While your published photography has always, intentionally or not, been a statement on America’s culture, did you find yourself becoming more concerned with your work’s message as time passed?
Definitely. Doing photography helped me uncover and discover what mattered to me; although from the outset, even as a teenager, I was interested in sociology and archeology. So I think those passions/concerns started merging with the visuals too.
As I read further into cultural geography texts by J.B. Jackson, Dolores Hayden or John Stilgoe, or digested books by social theorists like Mike Davis or Marc Auge, I began to see connections. But that took about ten to fifteen years of working, making images … perhaps the downside of not coming up within an academic environment that might have fostered a quicker, more focused cross-disciplinary approach in me. I also made a conscious decision somewhere along the line that I was happy defining myself as a visual anthropologist doing social documentary photography. All that reading helped me look at the built environment from a deeper perspective.

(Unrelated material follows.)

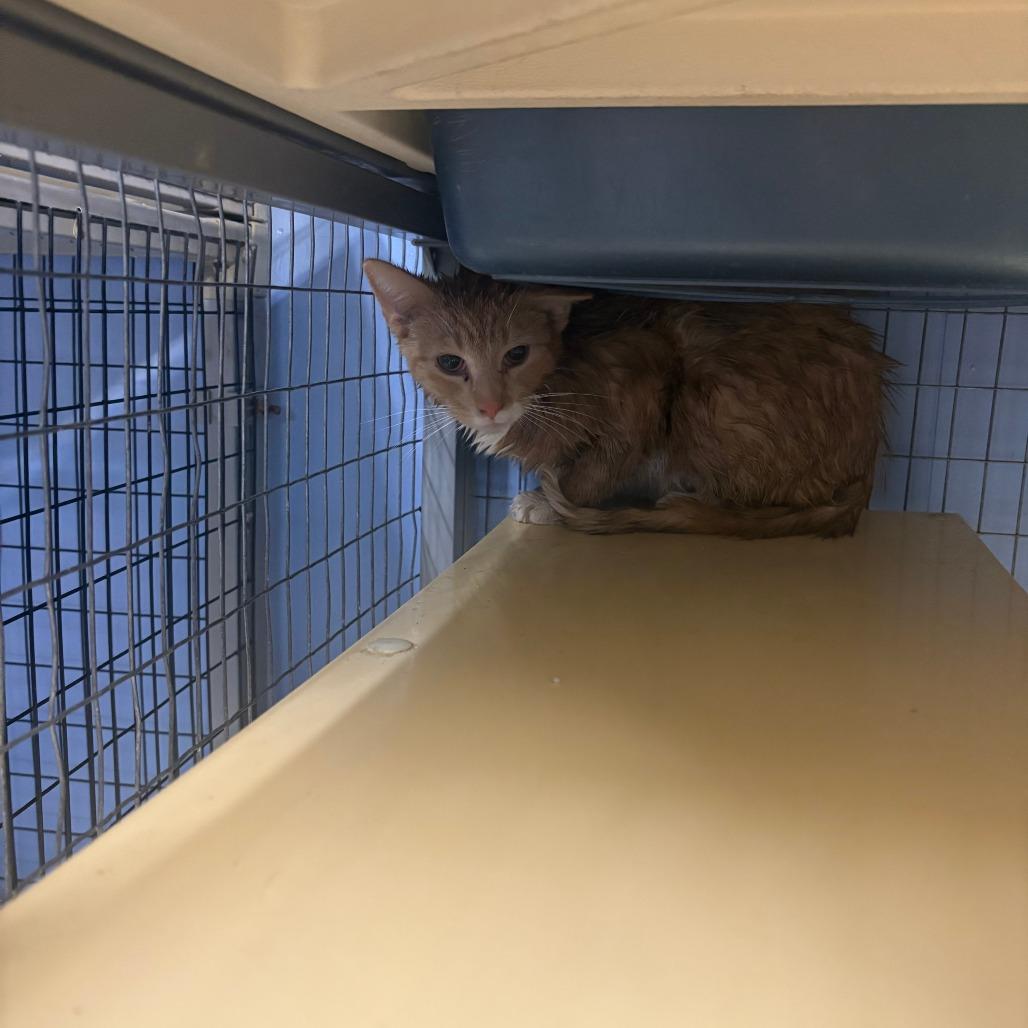 Zira, Adoptable, Young Male Domestic Short Hair.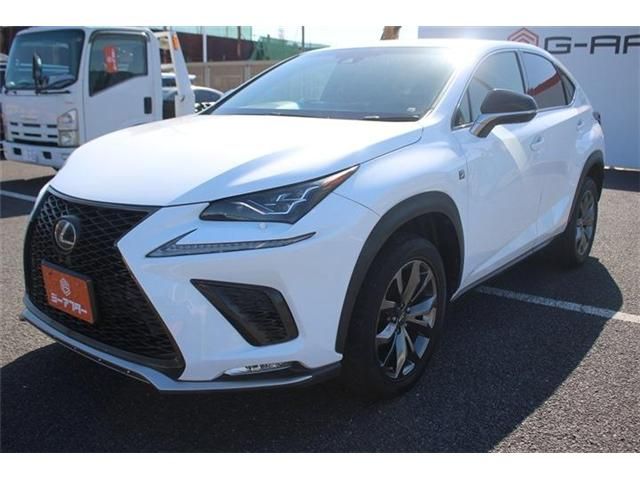 LEXUS NX300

I remember reading an interview where you mentioned the renewed hope you had for America from watching President Obama’s acceptance speech. Do you still have that hope or have we, as a cultural and compassionate society, passed the point of no return?

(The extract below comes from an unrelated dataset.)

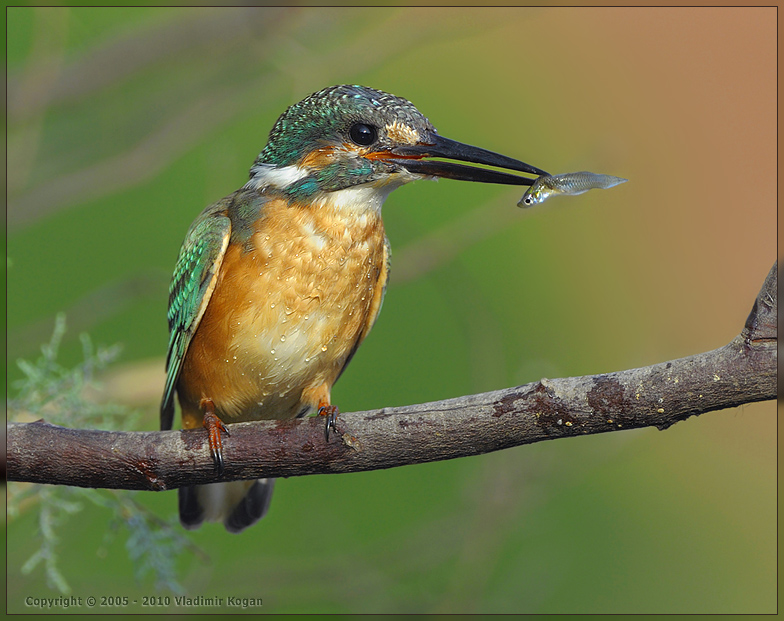 Common Kingfisher fishing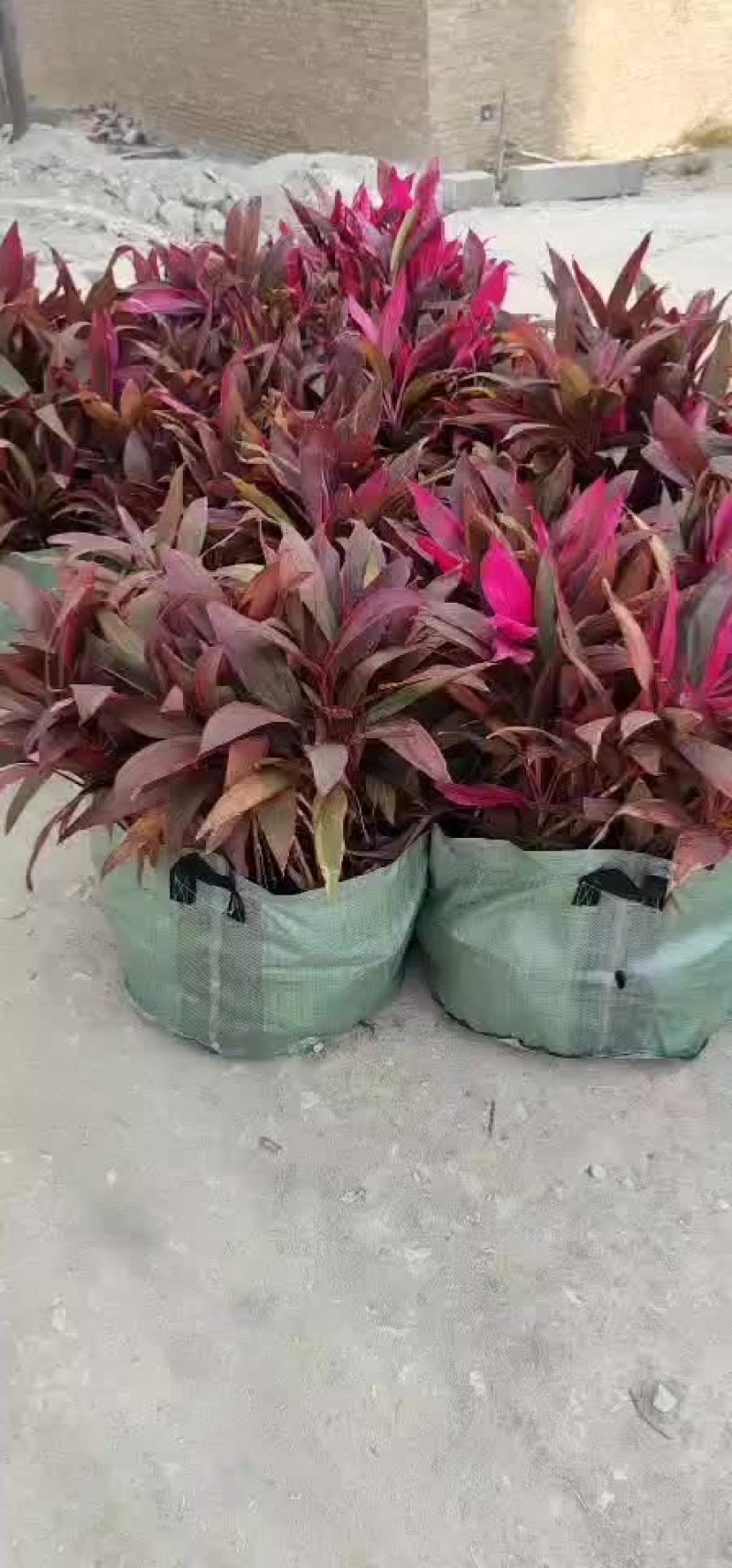 朱蕉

I would never say that I’ve given up hope but clearly the system is broken and needs to be reformed. It’s hard to fathom with so much human intelligence available on the planet that we, as a civilization, still make incorrect decisions about governance, important social policy, economic or energy issues. We can spend money on war but not education. Billionaires still want more tax cuts; corporations hide behind a veil of anonymity when it comes to taking responsibility for environmental catastrophe yet want to be treated as an individual, per the recent Supreme Court decision, when it comes to campaign contributions. Many of our citizens vote against their economic interests because politicians have learned how to play the family values card, i.e. touting anti-abortion or religious rhetoric, to garner votes. Most middle-class people think unions are evil because corporations who control the media have indoctrinated the populace to believe that. We’re collectively asleep; children from an early age aren’t taught to analyze or critique things, and consumerism seems to still reign supreme as a national goal and pastime.

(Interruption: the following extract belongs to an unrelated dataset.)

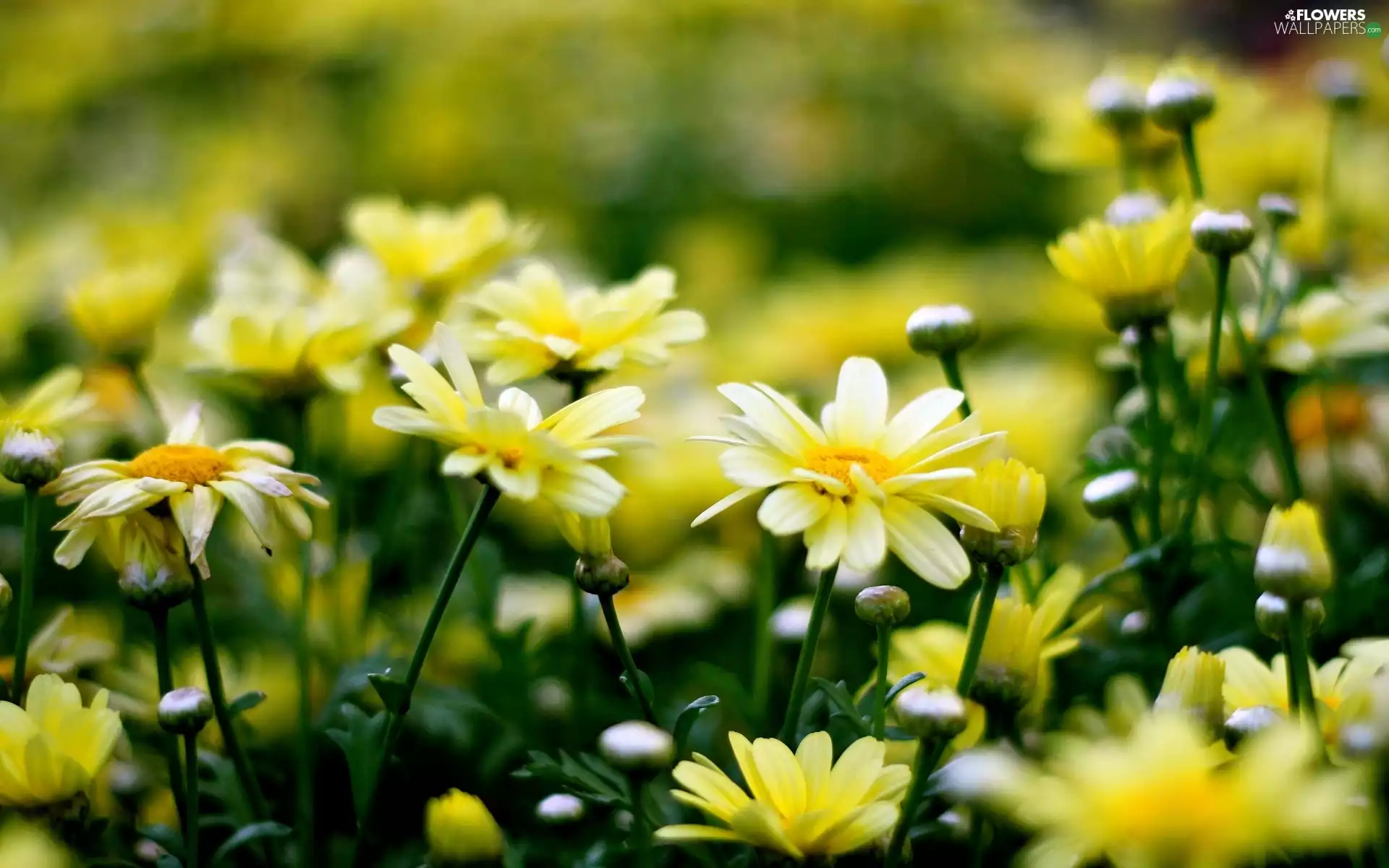 Yellow, daisy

The emphasis in our society seems to be on the individual and not on any notion of collectivism. No wonder Bob Herbert quit writing for the New York Times two weeks ago. His heart is broken about so much social and economic injustice.
With so many rust belt areas now looking like something out of Cormac McCarthy’s The Road (the film was shot in western PA, where American Elegy is based), do you still find yourself shocked at what has happened to many of our once thriving urban centers?
To say that many American urban environments look like a bombed-out Beirut located somewhere in a third-world country would not be hyperbole. Initially it is shocking but once you start thinking about the structural reasons as to why it occurred … it begins to make a little sense from an historical and economic sense. We live in a different world than the one we knew 40 years ago. It’s going to require a re-tooling that may take a generation to complete; we’re not a country defined by heavy industry anymore. But then again with the right money put to work in the right places why couldn’t there be a second-era of industrialism for the United States … making solar panels or wind-generating technology? If we look at what’s happening in places like Detroit or Cleveland where urban planners are contemplating shrinking the footprint of these cities down to manageable sizes (to contain costs), interesting opportunities arise for urban pioneers who seek affordable housing or green space to grow food. I guess we can either lament the passing of what once was or decide the disjunction of earlier failed urban or public policy offers an opportunity to rethink how we live and how we might revive our cities. I see positive trends out there.
Have you embraced the digital trend with cameras at all? Would you mind briefly talking about what photographic equipment you tend to use these days?
I’m still old school mostly. I shoot a Hasselblad and Mamiya 7 and run either Fuji Superia 100 (when I can get it) or Extar 100 through the cameras. I occasionally go with Fuji Provia as well. I scan the negatives on an Imacon scanner, do some basic Photoshop work in terms of color-correction and spotting, and then print everything on an Epson 9800. That digital Hasselblad looks attractive, but at 25K, is a little beyond my means.
Can you tell us about any current projects or activities?
I’ve got three things in the works right now: two book projects and a local photographic series I’m working on near where I live in the Hudson Valley.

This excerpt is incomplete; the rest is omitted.